CIA Director John Brennan warned on Wednesday that Congress’s override of a presidential veto of contested new legislation will pave the way for foreign nations hostile to the United States to detain American officials at will for alleged crimes, according to a statement.
Brennan expressed strong opposition to Congress's override of a bill permitting American victims of the 9/11 terror attacks to sue Saudi Arabia for its alleged involvement in the plot.
However, the bill—known as the Justice Against Sponsors of Terrorism Act, or JASTA—will also provide similar legal recourse to foreign nations, meaning that they could detain top U.S. officials, military leaders, and others.
Leading U.S. officials, including Brennan and Defense Secretary Ash Carter, have warned that the consequences of the bill would enable foreign nations to meddle in U.S. counterterrorism operations and force the disclosure of sensitive classified material.
JASTA "will have grave implications for the national security of the United States," Brennan said. "The most damaging consequence would be for those U.S. government officials who dutifully work overseas on behalf of our country. The principle of sovereign immunity protects U.S. officials every day, and is rooted in reciprocity".

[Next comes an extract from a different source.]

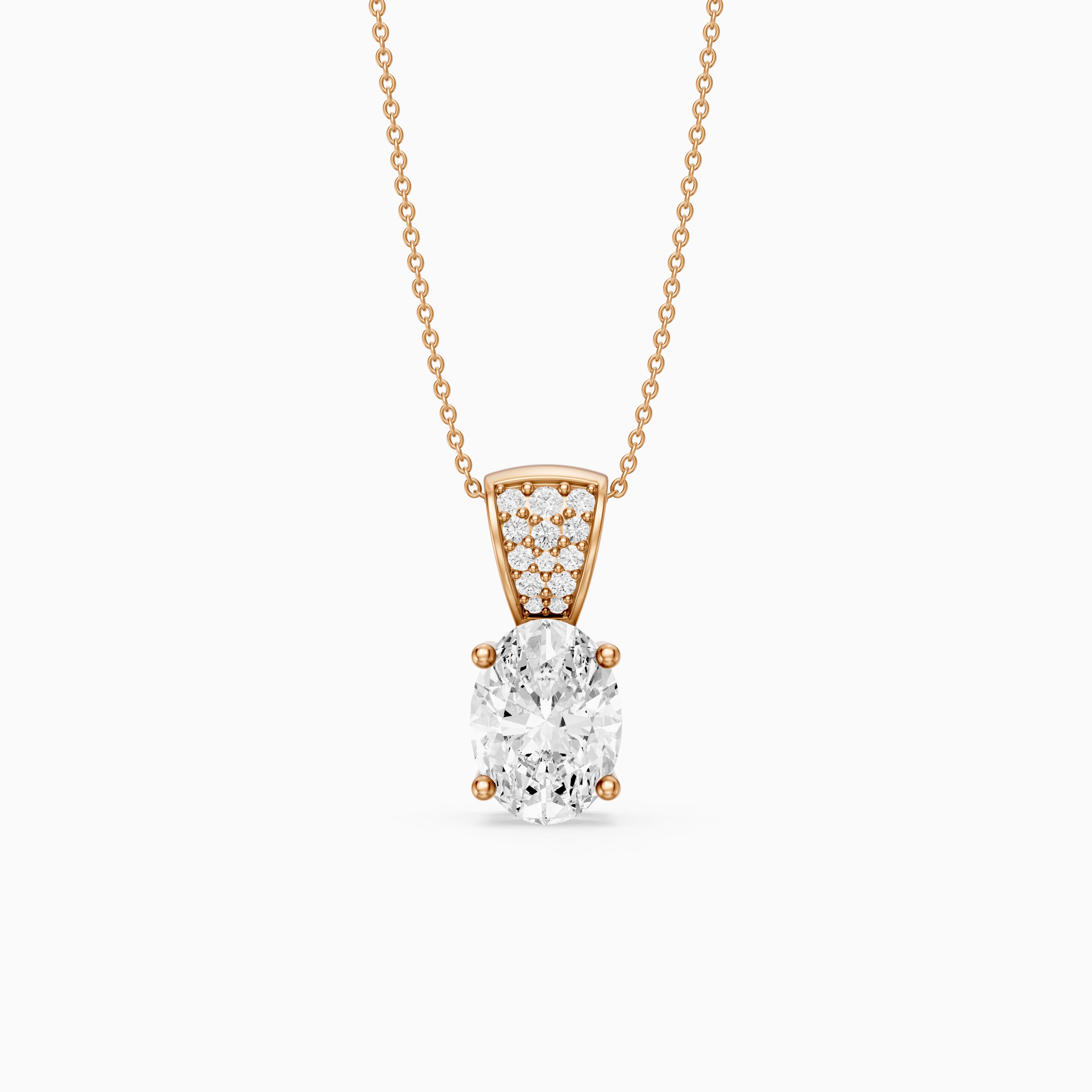 Sunny Oval Lab Grown Diamond Pendant with Pave Bail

"If we fail to uphold this standard for other countries, we place our own nation’s officials in danger," Brennan said. "No country has more to lose from undermining that principle than the United States—and few institutions would be at greater risk than CIA."
Carter made a similar argument earlier this week, telling top lawmakers that the legislation sets the stage for foreign nations to seize U.S. assets abroad and detain troops for alleged crimes.
A coalition of Iraqis has already vowed to take America to court for war crimes.